━━━ RECORDS SHOWN ━━━

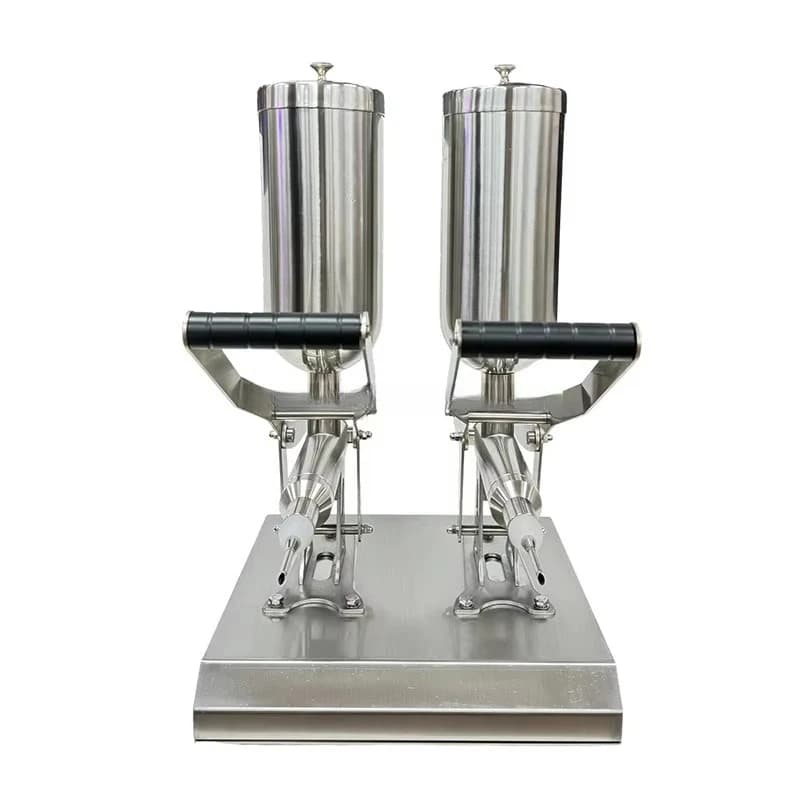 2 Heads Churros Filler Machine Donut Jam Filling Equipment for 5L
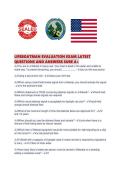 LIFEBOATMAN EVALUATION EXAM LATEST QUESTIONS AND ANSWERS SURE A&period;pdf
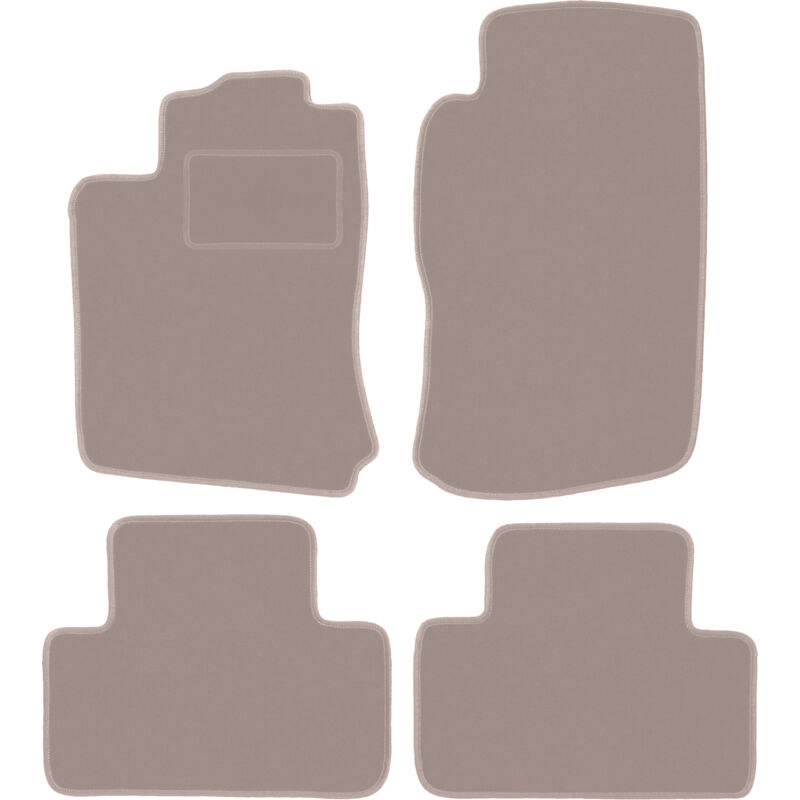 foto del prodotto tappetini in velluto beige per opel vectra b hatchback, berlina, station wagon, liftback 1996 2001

━━━
━━━ RECORDS SHOWN ━━━

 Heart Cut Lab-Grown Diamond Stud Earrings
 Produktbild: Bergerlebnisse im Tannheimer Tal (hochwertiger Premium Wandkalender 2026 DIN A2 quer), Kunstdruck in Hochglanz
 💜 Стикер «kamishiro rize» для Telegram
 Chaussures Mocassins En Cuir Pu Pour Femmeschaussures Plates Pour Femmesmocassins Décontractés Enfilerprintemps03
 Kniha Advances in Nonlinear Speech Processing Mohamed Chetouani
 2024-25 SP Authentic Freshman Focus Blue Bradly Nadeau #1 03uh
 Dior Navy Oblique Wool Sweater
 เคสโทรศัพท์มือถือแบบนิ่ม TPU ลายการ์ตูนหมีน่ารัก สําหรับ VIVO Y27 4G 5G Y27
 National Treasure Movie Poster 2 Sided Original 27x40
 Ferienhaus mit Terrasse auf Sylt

━━━

EXERCISE DIRECTIONS —
Both boundary lines included, write out word for word only the lines above from the one containing "2 Heads Churros" to the one containing "foto del prodotto", leaving out any pictures.

WORKED SOLUTION —
 2 Heads Churros Filler Machine Donut Jam Filling Equipment for 5L
 LIFEBOATMAN EVALUATION EXAM LATEST QUESTIONS AND ANSWERS SURE A&period;pdf
 foto del prodotto tappetini in velluto beige per opel vectra b hatchback, berlina, station wagon, liftback 1996 2001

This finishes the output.